BEGIN Provided data
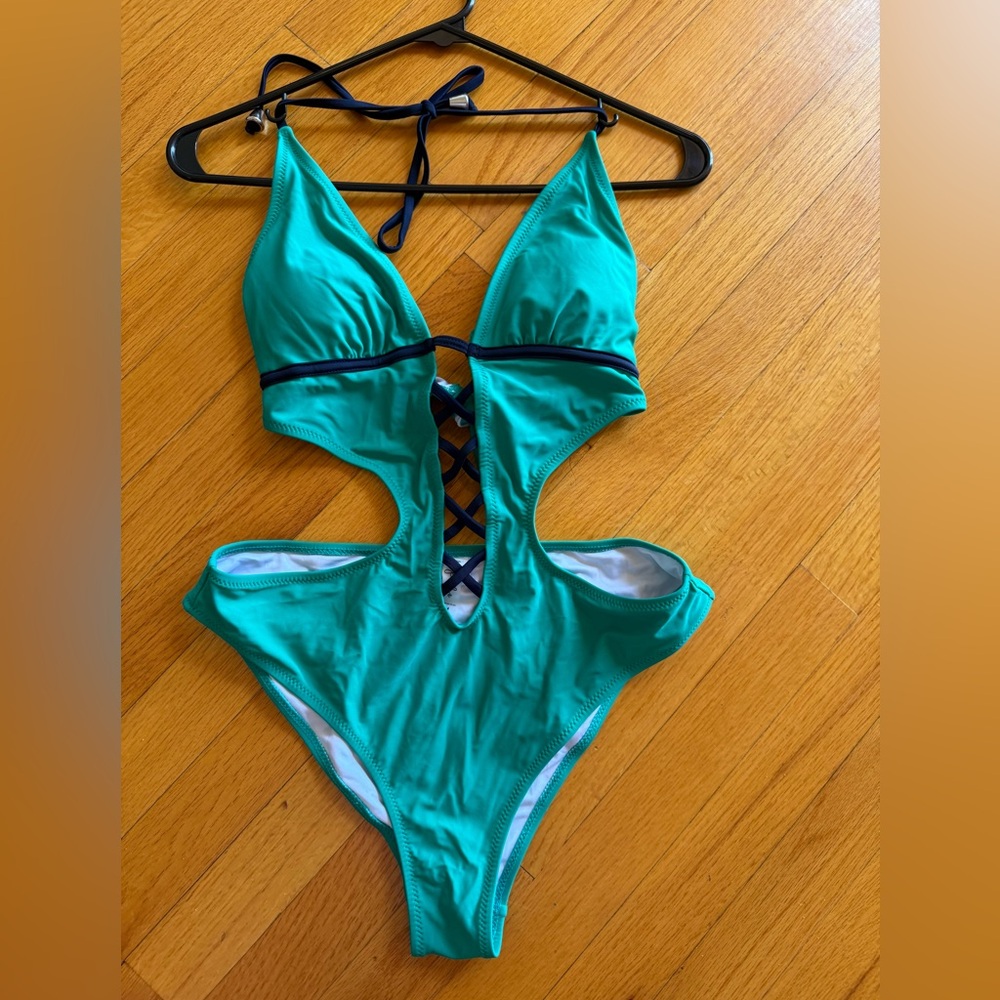 Cupshe Size Medium Teal Cutout One-Piece Swimsuit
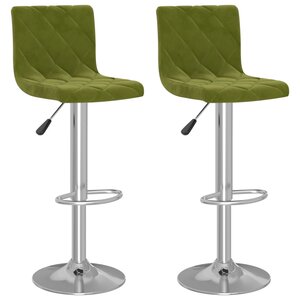 vidaXL Tabourets de bar lot de 2 vert clair velours
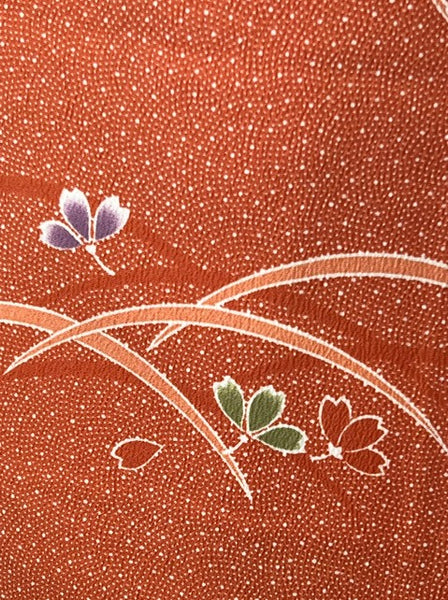 Japanese Awase Kimono –  Orange Floral Pattern, Elegant Japanese Wear, Size: M-L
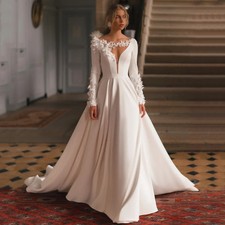 3D Flowers Wedding Dress Lace Long Sleeves Scoop Neck Sweep Train Bridal Gown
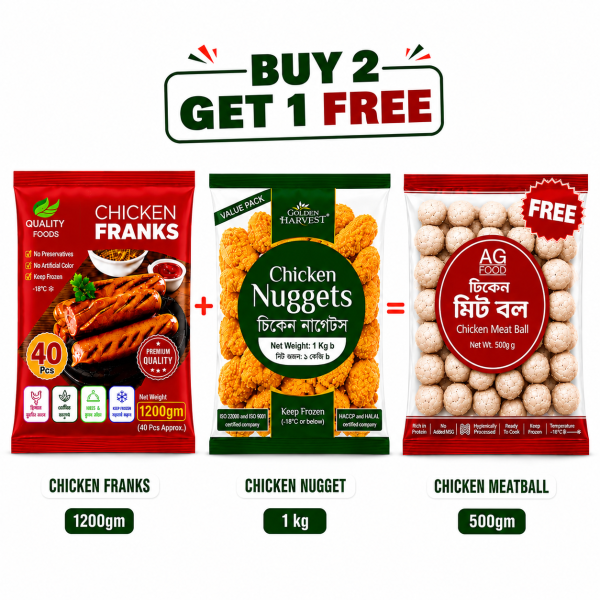 Buy 2 Get 1 Chicken Franks(Sausage), Chicken Nuggets & Chicken Meatball Free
END Provided data
__Your instructions__
Output, exactly and only, the lines beginning with the one that contains "3D Flowers Wedding" and ending at the last line of the records above. Drop the pictures.

__Answer to this task__
 3D Flowers Wedding Dress Lace Long Sleeves Scoop Neck Sweep Train Bridal Gown
 Buy 2 Get 1 Chicken Franks(Sausage), Chicken Nuggets & Chicken Meatball Free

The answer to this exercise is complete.